> _TASK TO COMPLETE_
Write out exactly the lines of the entries below from the one holding "Votre enfant pourra" to the one holding "121 Mill St, Royston, GA 30662", inclusive, and leave out all other lines.

> _DATA RECORDS_
━━━━

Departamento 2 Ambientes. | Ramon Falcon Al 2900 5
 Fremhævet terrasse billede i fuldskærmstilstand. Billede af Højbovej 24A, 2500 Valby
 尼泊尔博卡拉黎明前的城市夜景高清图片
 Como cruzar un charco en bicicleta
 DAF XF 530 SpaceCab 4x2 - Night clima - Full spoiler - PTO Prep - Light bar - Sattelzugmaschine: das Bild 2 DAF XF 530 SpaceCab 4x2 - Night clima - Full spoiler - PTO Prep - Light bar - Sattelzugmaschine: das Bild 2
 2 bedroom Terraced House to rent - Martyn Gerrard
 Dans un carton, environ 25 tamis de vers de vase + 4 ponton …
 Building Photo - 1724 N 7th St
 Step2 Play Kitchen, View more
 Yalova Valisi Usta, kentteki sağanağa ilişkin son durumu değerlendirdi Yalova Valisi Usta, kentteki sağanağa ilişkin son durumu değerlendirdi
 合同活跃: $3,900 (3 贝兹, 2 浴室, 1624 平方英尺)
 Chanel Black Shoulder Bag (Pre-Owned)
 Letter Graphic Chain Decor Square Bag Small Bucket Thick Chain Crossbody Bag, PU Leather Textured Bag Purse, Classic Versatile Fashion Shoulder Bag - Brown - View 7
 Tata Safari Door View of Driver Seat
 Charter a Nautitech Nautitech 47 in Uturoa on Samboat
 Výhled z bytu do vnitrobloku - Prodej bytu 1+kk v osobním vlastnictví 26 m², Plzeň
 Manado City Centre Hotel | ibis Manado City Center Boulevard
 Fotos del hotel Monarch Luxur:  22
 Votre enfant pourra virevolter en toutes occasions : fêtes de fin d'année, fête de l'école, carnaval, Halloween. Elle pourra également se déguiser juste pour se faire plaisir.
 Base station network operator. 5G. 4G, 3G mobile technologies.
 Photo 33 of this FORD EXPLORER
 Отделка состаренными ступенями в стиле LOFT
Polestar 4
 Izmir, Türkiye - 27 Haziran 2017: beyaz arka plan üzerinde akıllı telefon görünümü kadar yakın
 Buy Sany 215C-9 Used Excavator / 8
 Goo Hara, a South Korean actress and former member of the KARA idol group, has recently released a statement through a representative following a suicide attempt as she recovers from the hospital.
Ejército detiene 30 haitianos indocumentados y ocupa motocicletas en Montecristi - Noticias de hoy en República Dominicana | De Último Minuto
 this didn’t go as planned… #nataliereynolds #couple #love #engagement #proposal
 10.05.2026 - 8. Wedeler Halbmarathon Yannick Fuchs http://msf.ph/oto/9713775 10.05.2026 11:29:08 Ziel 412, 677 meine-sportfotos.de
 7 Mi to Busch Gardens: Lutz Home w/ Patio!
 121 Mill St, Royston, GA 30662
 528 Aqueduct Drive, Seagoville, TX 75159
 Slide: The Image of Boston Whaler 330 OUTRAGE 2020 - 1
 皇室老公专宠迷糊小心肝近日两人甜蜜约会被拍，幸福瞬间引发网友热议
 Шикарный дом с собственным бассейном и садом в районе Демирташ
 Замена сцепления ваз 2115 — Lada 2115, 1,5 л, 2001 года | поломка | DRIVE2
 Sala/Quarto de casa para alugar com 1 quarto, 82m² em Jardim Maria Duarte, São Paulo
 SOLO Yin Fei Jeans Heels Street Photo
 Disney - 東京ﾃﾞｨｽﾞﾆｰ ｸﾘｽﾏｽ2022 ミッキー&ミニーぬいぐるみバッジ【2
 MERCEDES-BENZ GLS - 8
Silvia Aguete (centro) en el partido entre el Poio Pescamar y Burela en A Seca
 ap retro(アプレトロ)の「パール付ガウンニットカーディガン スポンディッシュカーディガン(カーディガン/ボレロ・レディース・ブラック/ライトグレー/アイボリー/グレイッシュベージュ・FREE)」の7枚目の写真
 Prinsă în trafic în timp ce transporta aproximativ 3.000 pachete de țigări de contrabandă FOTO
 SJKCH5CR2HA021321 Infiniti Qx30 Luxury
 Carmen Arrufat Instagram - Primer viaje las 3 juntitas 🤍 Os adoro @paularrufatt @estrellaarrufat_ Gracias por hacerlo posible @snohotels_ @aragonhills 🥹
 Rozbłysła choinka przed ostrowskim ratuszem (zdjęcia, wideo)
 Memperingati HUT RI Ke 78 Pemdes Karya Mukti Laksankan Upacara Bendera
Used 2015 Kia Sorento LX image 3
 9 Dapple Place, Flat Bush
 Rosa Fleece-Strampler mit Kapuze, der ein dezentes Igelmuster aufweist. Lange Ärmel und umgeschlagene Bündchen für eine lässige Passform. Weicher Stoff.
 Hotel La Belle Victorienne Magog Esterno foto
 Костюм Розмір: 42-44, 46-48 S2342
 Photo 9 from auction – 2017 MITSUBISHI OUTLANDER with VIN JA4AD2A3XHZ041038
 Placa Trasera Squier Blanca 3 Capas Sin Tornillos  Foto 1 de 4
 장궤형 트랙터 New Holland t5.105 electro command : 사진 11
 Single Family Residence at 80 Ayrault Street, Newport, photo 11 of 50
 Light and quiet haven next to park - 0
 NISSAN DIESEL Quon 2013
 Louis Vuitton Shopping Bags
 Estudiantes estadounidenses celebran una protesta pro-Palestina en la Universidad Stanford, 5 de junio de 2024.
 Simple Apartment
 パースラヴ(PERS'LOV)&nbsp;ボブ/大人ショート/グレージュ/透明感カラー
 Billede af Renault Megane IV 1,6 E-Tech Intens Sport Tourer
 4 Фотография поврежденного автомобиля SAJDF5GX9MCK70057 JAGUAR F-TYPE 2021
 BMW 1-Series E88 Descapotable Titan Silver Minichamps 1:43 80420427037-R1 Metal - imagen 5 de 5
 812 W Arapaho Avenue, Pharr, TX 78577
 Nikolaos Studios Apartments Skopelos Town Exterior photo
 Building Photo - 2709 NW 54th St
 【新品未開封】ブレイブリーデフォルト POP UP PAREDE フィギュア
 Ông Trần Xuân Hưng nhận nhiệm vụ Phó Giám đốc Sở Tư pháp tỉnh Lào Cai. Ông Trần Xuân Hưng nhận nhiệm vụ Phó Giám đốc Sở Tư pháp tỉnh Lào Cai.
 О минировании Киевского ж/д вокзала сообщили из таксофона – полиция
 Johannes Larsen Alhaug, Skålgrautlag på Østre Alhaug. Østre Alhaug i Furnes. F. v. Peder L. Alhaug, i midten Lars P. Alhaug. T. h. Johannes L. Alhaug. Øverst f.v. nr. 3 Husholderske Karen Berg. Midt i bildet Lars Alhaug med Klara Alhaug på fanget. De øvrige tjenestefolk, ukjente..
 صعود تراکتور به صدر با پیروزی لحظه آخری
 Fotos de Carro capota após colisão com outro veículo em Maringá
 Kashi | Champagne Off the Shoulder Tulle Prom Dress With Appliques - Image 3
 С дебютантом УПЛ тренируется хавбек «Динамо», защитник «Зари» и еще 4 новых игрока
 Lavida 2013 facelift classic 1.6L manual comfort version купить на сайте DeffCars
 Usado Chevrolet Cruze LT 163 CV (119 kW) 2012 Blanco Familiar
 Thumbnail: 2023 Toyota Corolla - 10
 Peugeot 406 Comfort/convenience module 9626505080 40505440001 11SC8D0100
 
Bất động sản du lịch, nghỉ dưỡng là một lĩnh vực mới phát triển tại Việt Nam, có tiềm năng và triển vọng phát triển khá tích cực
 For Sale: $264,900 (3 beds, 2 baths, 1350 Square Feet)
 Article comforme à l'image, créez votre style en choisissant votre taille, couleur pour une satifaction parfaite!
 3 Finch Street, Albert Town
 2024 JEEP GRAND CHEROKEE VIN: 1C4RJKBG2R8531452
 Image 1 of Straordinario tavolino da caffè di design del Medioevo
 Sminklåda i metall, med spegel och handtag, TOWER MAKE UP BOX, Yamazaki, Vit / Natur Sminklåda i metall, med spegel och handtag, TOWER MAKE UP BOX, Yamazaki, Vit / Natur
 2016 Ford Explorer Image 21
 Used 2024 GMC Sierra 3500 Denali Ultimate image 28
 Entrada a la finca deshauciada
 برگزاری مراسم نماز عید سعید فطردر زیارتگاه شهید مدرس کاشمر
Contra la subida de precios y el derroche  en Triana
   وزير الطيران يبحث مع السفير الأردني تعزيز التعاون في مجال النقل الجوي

━━━━

> _TASK SOLUTION_
 Votre enfant pourra virevolter en toutes occasions : fêtes de fin d'année, fête de l'école, carnaval, Halloween. Elle pourra également se déguiser juste pour se faire plaisir.
 Base station network operator. 5G. 4G, 3G mobile technologies.
 Photo 33 of this FORD EXPLORER
 Отделка состаренными ступенями в стиле LOFT
Polestar 4
 Izmir, Türkiye - 27 Haziran 2017: beyaz arka plan üzerinde akıllı telefon görünümü kadar yakın
 Buy Sany 215C-9 Used Excavator / 8
 Goo Hara, a South Korean actress and former member of the KARA idol group, has recently released a statement through a representative following a suicide attempt as she recovers from the hospital.
Ejército detiene 30 haitianos indocumentados y ocupa motocicletas en Montecristi - Noticias de hoy en República Dominicana | De Último Minuto
 this didn’t go as planned… #nataliereynolds #couple #love #engagement #proposal
 10.05.2026 - 8. Wedeler Halbmarathon Yannick Fuchs http://msf.ph/oto/9713775 10.05.2026 11:29:08 Ziel 412, 677 meine-sportfotos.de
 7 Mi to Busch Gardens: Lutz Home w/ Patio!
 121 Mill St, Royston, GA 30662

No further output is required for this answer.